The popularity of
George Gershwin's piano music with audiences and performers, large to begin with, has only grown in the years since 1990, and distinctive new recordings have been appearing frequently. Here's one covering all the music for piano and orchestra, which is an effective way to trace the development of
Gershwin's music within a single genre. The applicability of improvisation and free modification to
Gershwin's music is a topic almost as hotly debated as with Baroque instrumental music, although it's hard to argue fully against it given the multiple states in which the Rhapsody in Blue exists and the importance of improvisation in
Gershwin's own musical life.
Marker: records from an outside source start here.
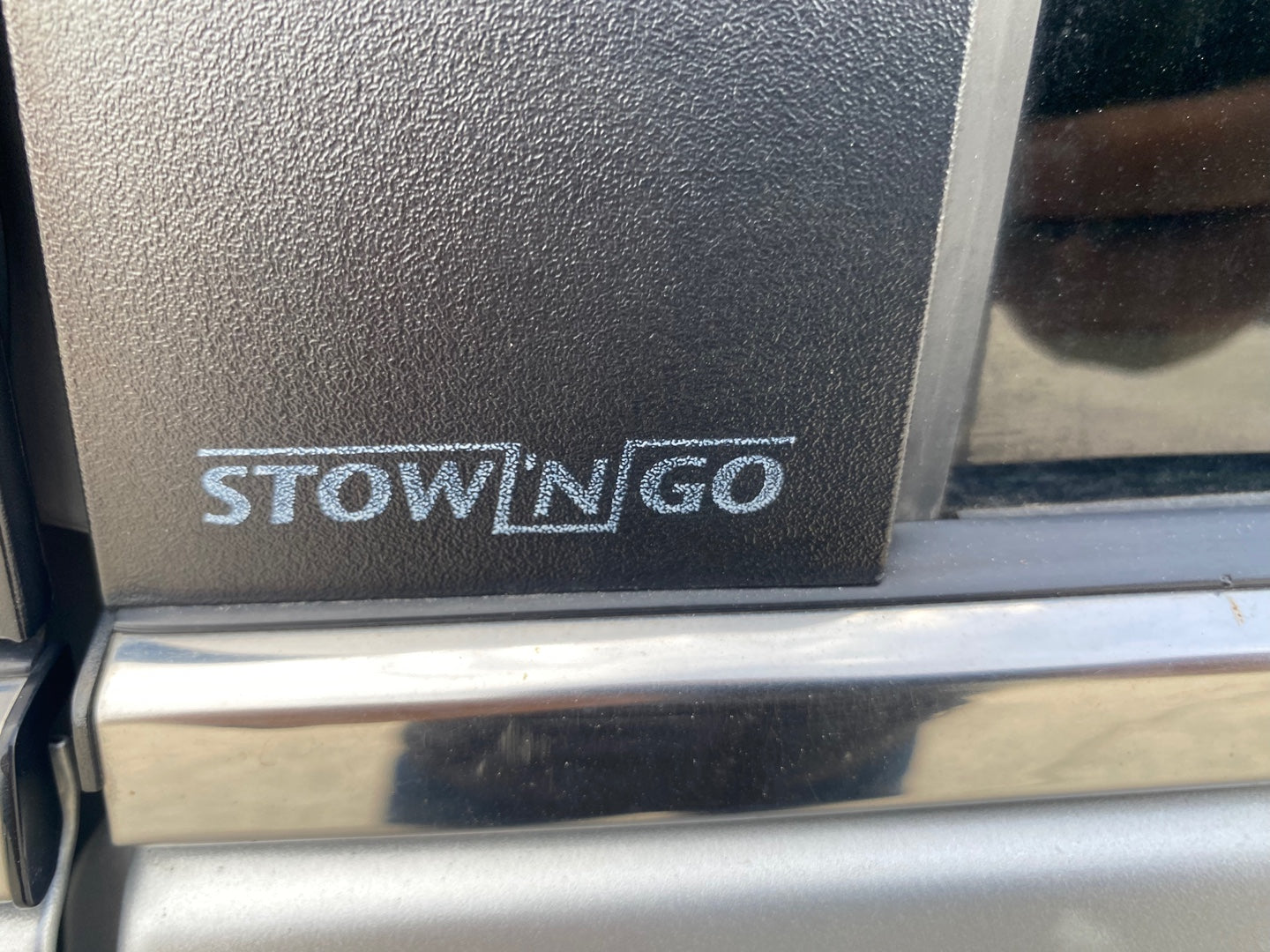 CHRYSLER TOWN&COUNTRY 2012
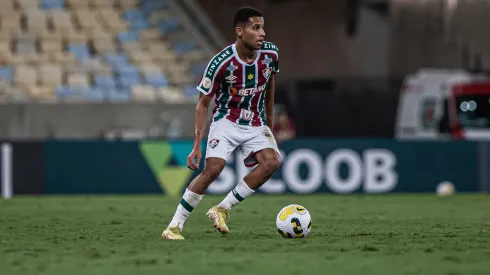 FOTO DE MARCELO GONÇALVES / FLUMINENSE FC – Alexsander comenta disputa com Marcelo.
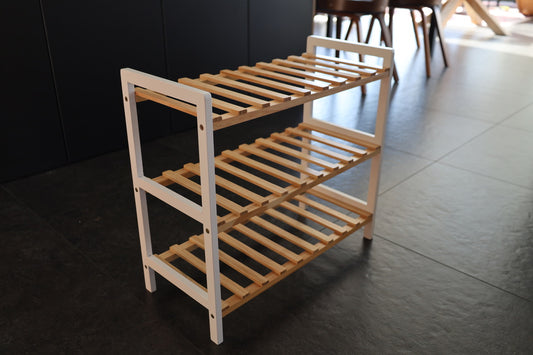 Modern houten schoenenrek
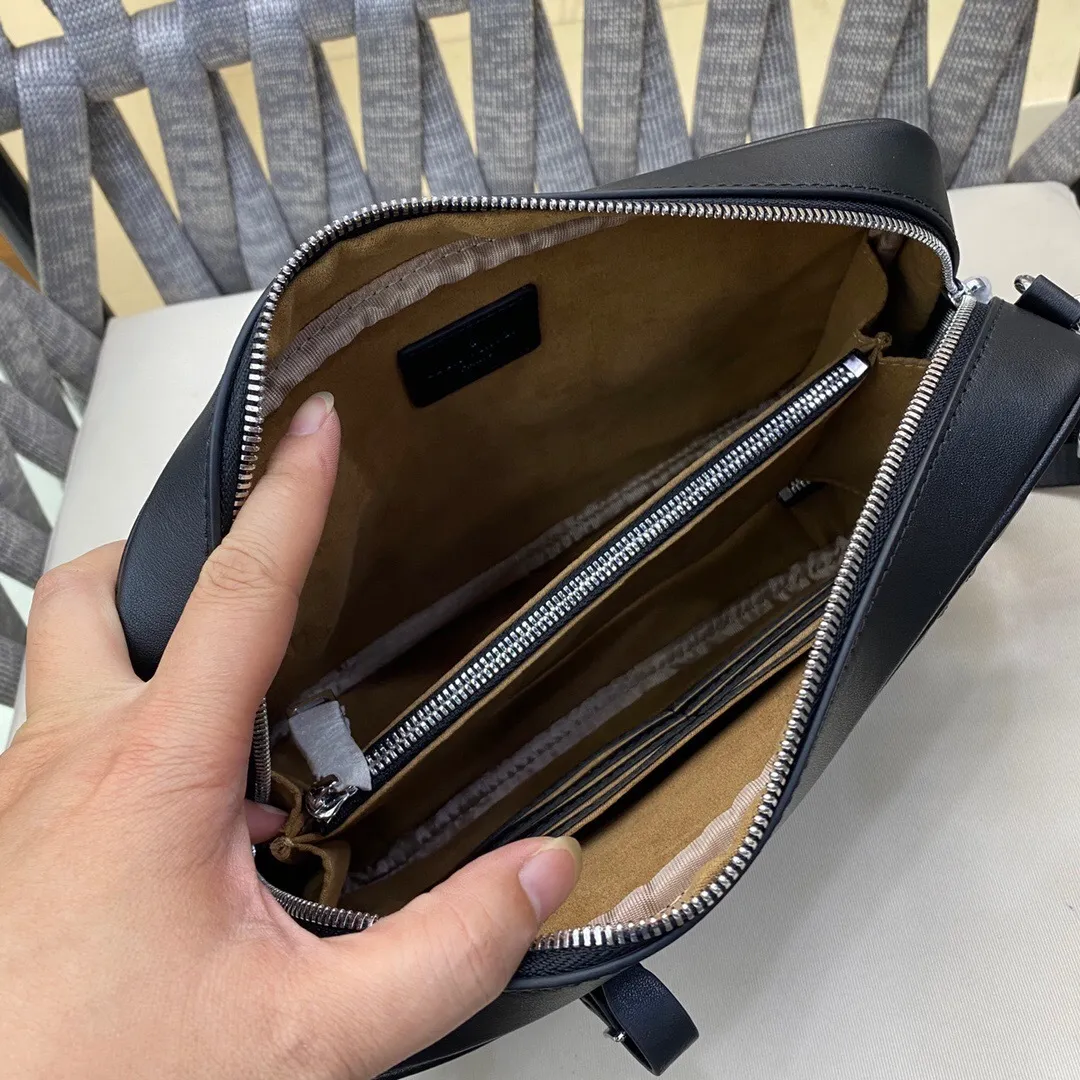 All categories 💚 Top version men’s bags 💚 LV 2024 new LV crossbody bag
If you're down with a bit of decoration (it is by no means excessive, and much of it is in the orchestra, for example the alteration to the opening percussion in the Piano Concerto in F), this is superior
Gershwin from a British pianist, a Norwegian orchestra, and an American conductor. Pianist
Freddy Kempf has an excellent feel for the music's "jazz" and "classical" sides, for the way in which the range of styles in
Gershwin's music is so intelligently fit into classical forms. Jazz and blues are the turning points that make the sonata form in the first movement of the Piano Concerto in F work. The Rhapsody in Blue is performed in its original jazz band orchestration by
Ferde Grofé, and the big lyrical theme is quite moodily and effectively prepared. The highlight of the whole thing is the brisk, detailed, and totally compelling Second Rhapsody, a work that remains hard to bring off.
Kempf may have single-handedly changed the situation with his performance here. The I Got Rhythm Variations make a lively finale. It's the cooperation between
Kempf and
Litton, who has also recorded
Gershwin as a pianist, that makes this program work so well and keeps uncovering new depths in the seemingly limpid music of
Gershwin, nearly a century after its composition.